==== Data for this task ====

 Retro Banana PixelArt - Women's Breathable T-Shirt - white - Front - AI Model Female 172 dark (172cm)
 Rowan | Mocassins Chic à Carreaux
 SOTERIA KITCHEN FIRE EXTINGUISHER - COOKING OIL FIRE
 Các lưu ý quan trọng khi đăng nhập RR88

====
==== Data for this task ====

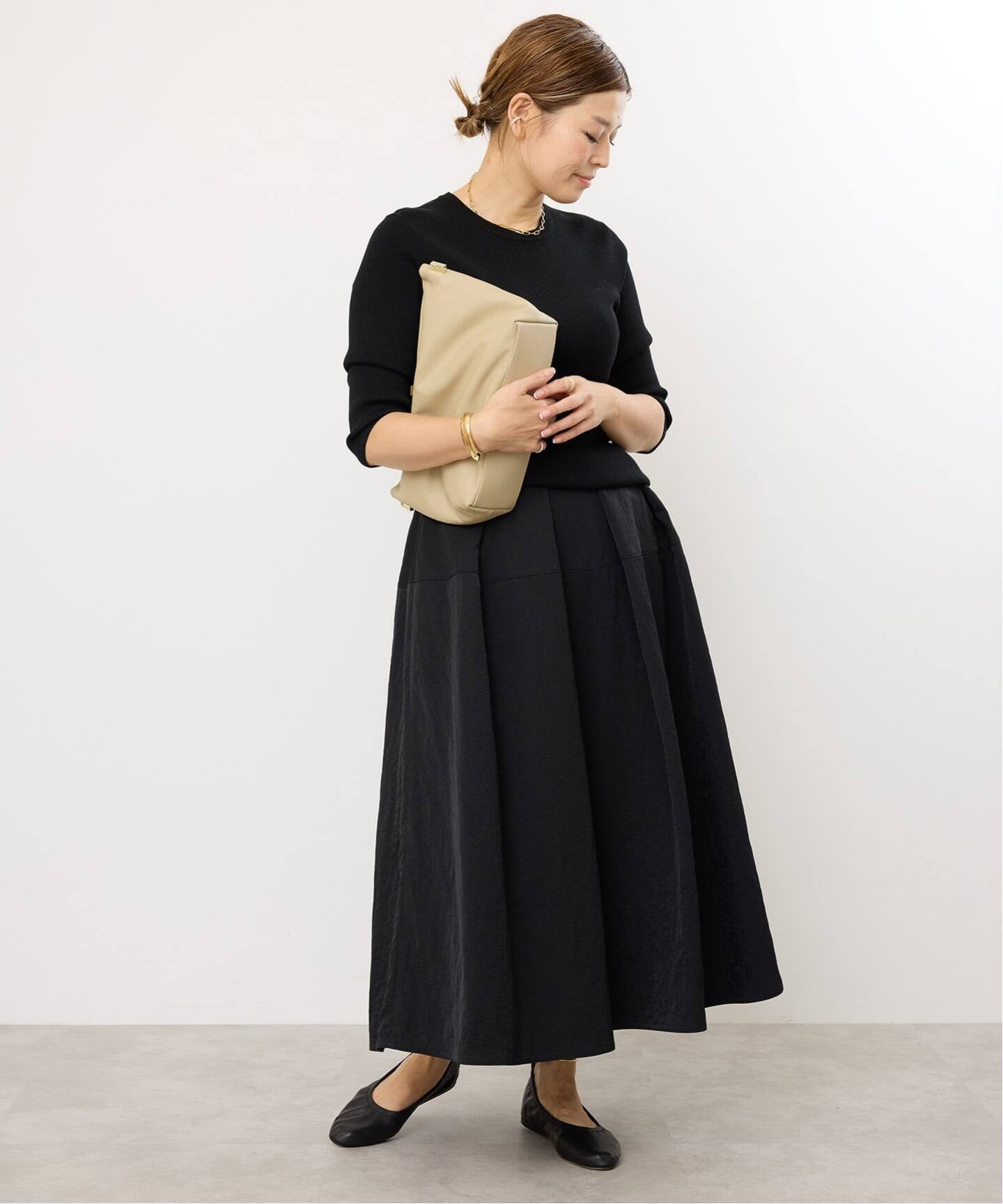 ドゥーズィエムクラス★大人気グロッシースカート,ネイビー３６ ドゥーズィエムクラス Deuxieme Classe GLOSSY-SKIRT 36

====

- [Exercise prompt]:
Reproduce the entries above exactly, but only the lines between the line holding "Retro Banana PixelArt" and the line holding "Các lưu ý quan trọng khi đăng nhập RR88", inclusive.

- [The answer]:
 Retro Banana PixelArt - Women's Breathable T-Shirt - white - Front - AI Model Female 172 dark (172cm)
 Rowan | Mocassins Chic à Carreaux
 SOTERIA KITCHEN FIRE EXTINGUISHER - COOKING OIL FIRE
 Các lưu ý quan trọng khi đăng nhập RR88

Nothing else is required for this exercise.